Stadtkämmerer Bastian Bergerhoff, auch zuständig für die Dotationskirchen, begrüßte das Vorhaben: „Mich hat fasziniert, bei einem so traditionellen Klangerlebnis etwas Neues zu wagen. Es ist ein Projekt, das zwei bedeutende Frankfurter Institutionen zusammenführt.“ Besonders lobte er die enge und vertrauensvolle Zusammenarbeit zwischen Stadt, Ensemble und Kirchen.
Der Titel „supra urbem“ entstammt einem Reisebericht von Thomas Mann, in dem der Schriftsteller den Klang römischer Glocken beschreibt, die über der Stadt zu schweben scheinen – ein Bild, das auch auf Frankfurt passt.

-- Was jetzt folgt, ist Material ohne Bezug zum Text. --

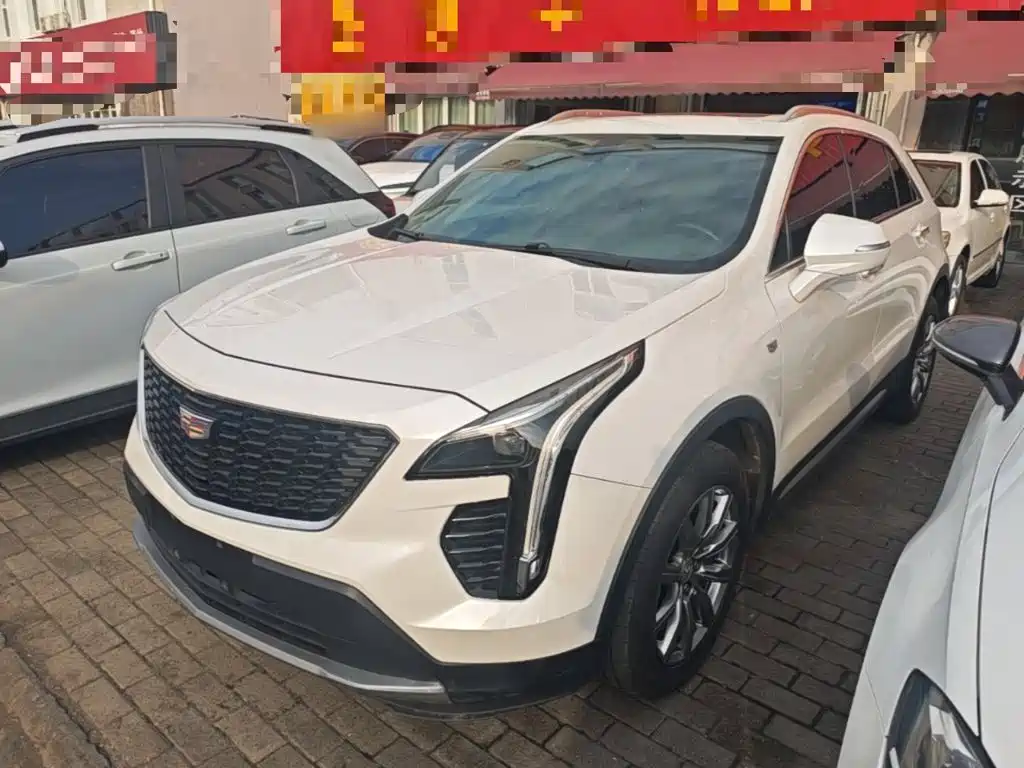 Cadillac XT4 2021 — пригон из Китая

Künftig soll diese Fassung jeweils am Pfingstwochenende erklingen. Zu den übrigen Anlässen bleibt es bei der traditionellen Version, die seit 1954 nach dem Konzept des Glockensachverständigen Paul Smets erklingt. Christian Fausch, Geschäftsführer des Ensemble Modern, sieht in dem Projekt „eine neue Form der Verbundenheit mit der Stadt – vielleicht auch in überraschender Weise“.
Empfohlen wird, dem Geläute bei einem Spaziergang durch die Innenstadt zu lauschen. Eine feste Route gibt es nicht – aber viele Perspektiven auf ein Klangereignis, das den Stadtraum in Musik verwandelt.